After considering a variety of new taxes to fund water quality efforts in Vermont, lawmakers now say they can clean up the state’s waterways without raising a dime.
Lawmakers have spent the past four years trying to find a long-term funding mechanism for a water quality initiative that’s expected to cost about $2 billion over the next 20 years. As recently as last week, they were contemplating several revenue proposals, including a sales tax on certain services offered by technology companies.
But lawmakers changed tack this week after fiscal analysts projected a year-end budget surplus. Senate President Pro Tem Tim Ashe said stronger-than-expected state revenues have obviated the need to raise taxes for water quality.
“Our strategy is never to be ‘tax first, figure out how to spend it later.’ If the dollars are available to meet the needs, then that’s great,” Ashe said Tuesday.
It’s a remarkable turnabout for a Legislature that had, until recently, criticized Gov. Phil Scott’s proposal to pay for water quality activities with existing state revenues.
Ashe said news of the surplus has altered the fiscal landscape, and he said that’s allowed lawmakers to solve their water quality dilemma without raising new taxes.
“Anyone who observes the legislative process knows that any new revenue source that’s put on the table is vehemently opposed by some constituency,” Ashe said.
Tom Torti, president of the Lake Champlain Regional Chamber of Commerce, said lawmakers should endure that opposition and create a new revenue source for water quality funding.
Torti said the plan approved by Senate lawmakers Tuesday doesn’t address water quality funding needs beyond the next fiscal year.
“It’s, you know, literally the old saying of moving the deck chairs on the Titanic,” Torti said.
Now, legislation approved by the full Senate on Tuesday technically does create a long-term revenue source for water quality funding: It does so by changing state law, so that 6% of the existing rooms and meals tax will now go to a clean water fund every year.
Lawmakers want to use the revenue surplus this year to backfill the $8-million hole that the reallocation will create in the general fund budget next year. In the following fiscal year, the rooms and meals tax reallocation will set the general fund back by $12 million.

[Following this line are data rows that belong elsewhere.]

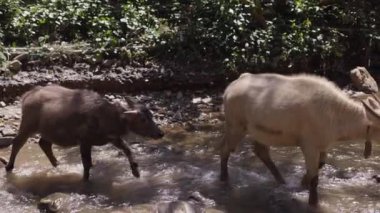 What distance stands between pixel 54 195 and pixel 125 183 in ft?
3.51

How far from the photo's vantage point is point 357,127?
8.42 meters

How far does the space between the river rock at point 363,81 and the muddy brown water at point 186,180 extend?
2.00m

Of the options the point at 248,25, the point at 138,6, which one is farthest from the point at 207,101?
the point at 138,6

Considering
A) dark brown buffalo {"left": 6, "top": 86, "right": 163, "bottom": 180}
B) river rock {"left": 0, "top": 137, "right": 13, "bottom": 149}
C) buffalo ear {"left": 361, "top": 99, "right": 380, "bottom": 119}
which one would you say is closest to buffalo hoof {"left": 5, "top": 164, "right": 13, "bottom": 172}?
dark brown buffalo {"left": 6, "top": 86, "right": 163, "bottom": 180}

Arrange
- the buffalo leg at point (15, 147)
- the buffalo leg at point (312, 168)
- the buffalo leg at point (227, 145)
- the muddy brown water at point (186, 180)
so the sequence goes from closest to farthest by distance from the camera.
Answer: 1. the buffalo leg at point (312, 168)
2. the muddy brown water at point (186, 180)
3. the buffalo leg at point (227, 145)
4. the buffalo leg at point (15, 147)

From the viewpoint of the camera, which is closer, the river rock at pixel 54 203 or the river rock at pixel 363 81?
the river rock at pixel 54 203

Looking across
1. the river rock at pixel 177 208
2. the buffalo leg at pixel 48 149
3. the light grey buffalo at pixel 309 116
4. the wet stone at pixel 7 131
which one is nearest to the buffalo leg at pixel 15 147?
the buffalo leg at pixel 48 149

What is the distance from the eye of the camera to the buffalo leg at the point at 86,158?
9203 millimetres

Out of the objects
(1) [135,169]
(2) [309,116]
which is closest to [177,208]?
(1) [135,169]

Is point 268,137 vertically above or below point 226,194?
above

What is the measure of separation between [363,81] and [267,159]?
4.10 m

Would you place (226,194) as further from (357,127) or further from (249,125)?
(357,127)

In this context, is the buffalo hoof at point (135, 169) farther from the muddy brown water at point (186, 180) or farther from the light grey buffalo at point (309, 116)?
the light grey buffalo at point (309, 116)

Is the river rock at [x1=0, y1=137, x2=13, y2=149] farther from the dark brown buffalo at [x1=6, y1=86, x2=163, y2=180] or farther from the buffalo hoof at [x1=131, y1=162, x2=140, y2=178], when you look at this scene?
the buffalo hoof at [x1=131, y1=162, x2=140, y2=178]
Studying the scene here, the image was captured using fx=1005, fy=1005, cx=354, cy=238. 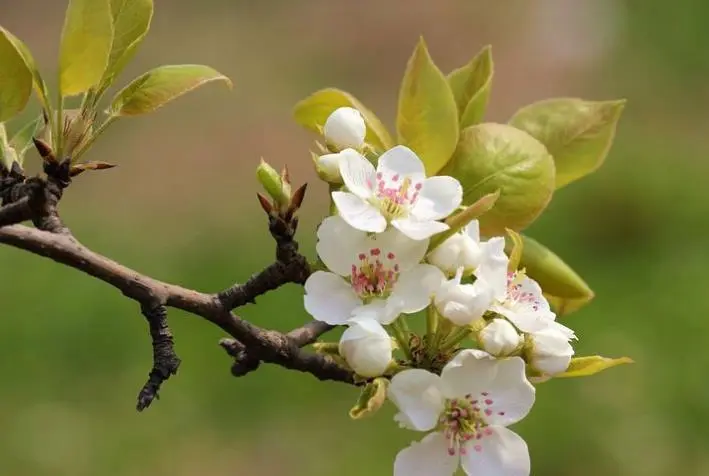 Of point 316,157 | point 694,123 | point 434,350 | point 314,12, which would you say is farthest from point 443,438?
point 314,12

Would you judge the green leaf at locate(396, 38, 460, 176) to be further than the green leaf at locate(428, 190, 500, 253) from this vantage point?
Yes

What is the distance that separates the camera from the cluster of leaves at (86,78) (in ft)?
1.95

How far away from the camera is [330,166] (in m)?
0.59

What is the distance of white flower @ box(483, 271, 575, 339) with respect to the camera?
1.89 ft

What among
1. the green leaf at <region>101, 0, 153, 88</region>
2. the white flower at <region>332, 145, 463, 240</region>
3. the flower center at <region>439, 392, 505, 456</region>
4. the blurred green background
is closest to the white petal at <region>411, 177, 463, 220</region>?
the white flower at <region>332, 145, 463, 240</region>

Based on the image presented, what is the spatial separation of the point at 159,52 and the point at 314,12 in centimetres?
72

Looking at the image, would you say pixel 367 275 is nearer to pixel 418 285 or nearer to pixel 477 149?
pixel 418 285

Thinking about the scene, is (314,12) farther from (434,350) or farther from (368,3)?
(434,350)

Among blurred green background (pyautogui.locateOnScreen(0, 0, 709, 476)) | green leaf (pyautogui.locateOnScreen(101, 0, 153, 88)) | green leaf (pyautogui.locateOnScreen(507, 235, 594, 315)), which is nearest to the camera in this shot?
green leaf (pyautogui.locateOnScreen(101, 0, 153, 88))

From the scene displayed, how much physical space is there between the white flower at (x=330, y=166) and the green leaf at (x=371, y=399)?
121mm

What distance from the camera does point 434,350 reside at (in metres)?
0.60

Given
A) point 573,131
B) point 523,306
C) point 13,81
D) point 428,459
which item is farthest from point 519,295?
point 13,81

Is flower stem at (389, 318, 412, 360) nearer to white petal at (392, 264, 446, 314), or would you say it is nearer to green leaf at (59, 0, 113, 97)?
white petal at (392, 264, 446, 314)

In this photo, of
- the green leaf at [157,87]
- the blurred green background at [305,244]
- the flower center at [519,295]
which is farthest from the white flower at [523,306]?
the blurred green background at [305,244]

However, Torti said, there’s no guarantee that surpluses will be available to fill that gap.
“You can’t do this in one-year tranches,” Torti said. “It is feckless fiscal policy.”
Torti’s own organization lobbied heavily against some of the water quality tax proposals floated by lawmakers this year. He said he prefers a per-parcel fee on every landowner in the state, a proposal that has failed to gain traction in the Legislature.
Calais Rep. Janet Ancel, who chairs the House Committee on Ways and Means, said the revenue jump that fueled the surplus this year is not a one-time phenomenon.
Ancel said analysts think Vermont will see ongoing revenue jumps of about $15 million annually — not just in the next fiscal year, but into the future. She said that ongoing revenue growth mitigates the risk associated with the Legislature’s approach.
“If there’s money available in fiscal [year] ‘20 and ongoing that we feel reasonably assured about, I think it’s a reasonable solution,” Ancel said Tuesday.
Jon Groveman, with the Vermont Natural Resources Council, said his organization is happy to see lawmakers allocate increased funding for water quality activities, but he said the decision not to create a new revenue source to pay for it makes that funding tenuous.
“So if there’s a gap in the budget or we hit a recession, you know, there’s going to be pressure to reallocate that money,” Groveman said. “That’s the reality of it.”
The Scott administration has yet to weigh in on the Legislature’s latest funding plan.